Обдумываю. Не делать резких движений. Сначала – переночевать. Потом

– на несколько дней. Вот, приехал. Сначала переночевать, потом на несколько дней, а потом попробуем дядю с его стороны и тетю с ее стороны.

Тук-тук, коридор, как мозговая косточка, о двух концах, вместо мозга

– мутноватый накуренный воздух, линолеум в язвочках от окурков, две никак не студентки корейского вида говорят на, должно быть, корейском. Сто пятьдесят: стучу, стучу два, стучу три, открывает – вам кого – раскосая девушка в джинсах и – Лазарева Оксана здесь живет – в свитере – ее сейчас нет – в шлепанцах и – а когда она будет – с косицей – не знаю. Хочется где-нибудь сесть, поэтому говорю: а я брат ее. Открывает пошире: у Оксаны нет братьев. Я, говорю, двоюродный брат. Ну если двоюродный, тогда ладно. Подожди, может, скоро придет. А если не придет? Рано или поздно придет.

Закрывает. Все.

Хожу по коридору туда-сюда, от скуки вспоминаю сегодняшний день: проспал на диване в художественной школе, весь день изучал альбомы в учительской: Русский музей, немецкий нечитабельный том с африканскими масками, длиннолицыми каменными божками, экспрессионистами, фовистами, кубистами и дадаистами, и тонкого

Босха, и толстого Гойю, и много заросших прудов Левитана, и много бутербродного масла Серова, и много шахматных досок Мондриана, и много мятых женщин, коров и щенят на картинах Филонова. В шесть часов пришла мятая-перемятая, ломаная-переломаная женщина Катерина

Геннадьевна, открыла дверь, принесла мне мятых-перемятых денег и французский батон. Батон я тут же обгрыз, Катерине Геннадьевне сказал спасибо раз четырнадцать, деньги засунул в карман и пошел за вещами. Катерина Геннадьевна мне велела держаться, велела вернуть пистолет, велела быть умницей, я ей сказал, что все это выполню.

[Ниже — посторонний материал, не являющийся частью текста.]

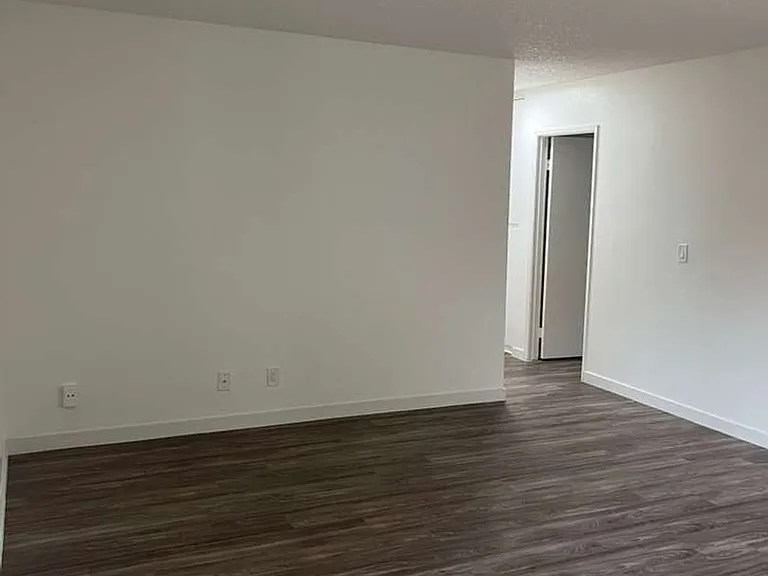 1422 Holly Ave — Photo 2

Дома, по счастью, отец был пьян, мать пьяна, даже собака была, как мне показалось, пьяна, потому что нагадила в ванной. Пистолет положил, где взял, было жалко, что не выстрелил для порядка хоть во что-нибудь. Скучно было вот так действовать: спокойно и правильно.

Взял одежду и обувь. Взял еще денег. Когда брал еще денег, стало окончательно скучно. Подумал: ружье осталось висеть на стене до конца. Трем сестрам раздали билеты на поезд. В этом мире жить скучно, а умирают только один раз. Закрыл за собой дверь и поехал к сестре.

2

Бывает, что все прямоугольные фотокарточки выброшены и все квадратные моментальные снимки тоже выброшены. И ничего никогда не хочется делать в первый раз. От целого города остались одни сфинксы с желтыми крыльями, и сетовать на это так же глупо, как на то, что велосипед изобрели до твоего рождения. Только очень наивный и очень добросердечный человек может искренне радоваться тому, что было до него, а есть такие, что не могут пить вино, сделанное годом раньше, чем сделали их самих, и если в чем их нельзя упрекнуть, так это в снобизме. Впрочем, их ни в чем нельзя упрекать, да и некому, потому что от тех, кто старше, они упреков выслушивать не захотят, а от тех, кто младше, не будут просто по праву старшинства. Конечно, в этом есть свой резон.

То есть мог быть резон. К сожалению, ни легкие не спросят у вас при рождении, хотите ли вы их, ни кровеносные сосуды, ни печень, ни все остальное. И чем дольше затягивается ваше рождение, тем меньше у вас будет шансов допросить их, зачем они, и выслушать ответ.

А если вы узнаете точно, сколько человек в этом мире чистосердечно верит в теорему Пифагора, то вас совершенно перестанет интересовать, сколько из них верит в существование самого Пифагора. Что можно сказать о самоуверенности этих людей?

Сёнагон составила реестр всего, что прекрасно: брови, готовые срастись, но не исполнившие намерения; кожа, достаточно шершавая, чтобы споткнулись глаза, но не настолько, чтобы почувствовала чужая кожа; запах водорослей; длинные пальцы на ногах; о руках значилось: по умолчанию; неровная кромка зубов – когда смеется; грудная клетка, хранящая следы брошенного камня; грудь как у тринадцатилетней девочки; ладно, пятнадцатилетней.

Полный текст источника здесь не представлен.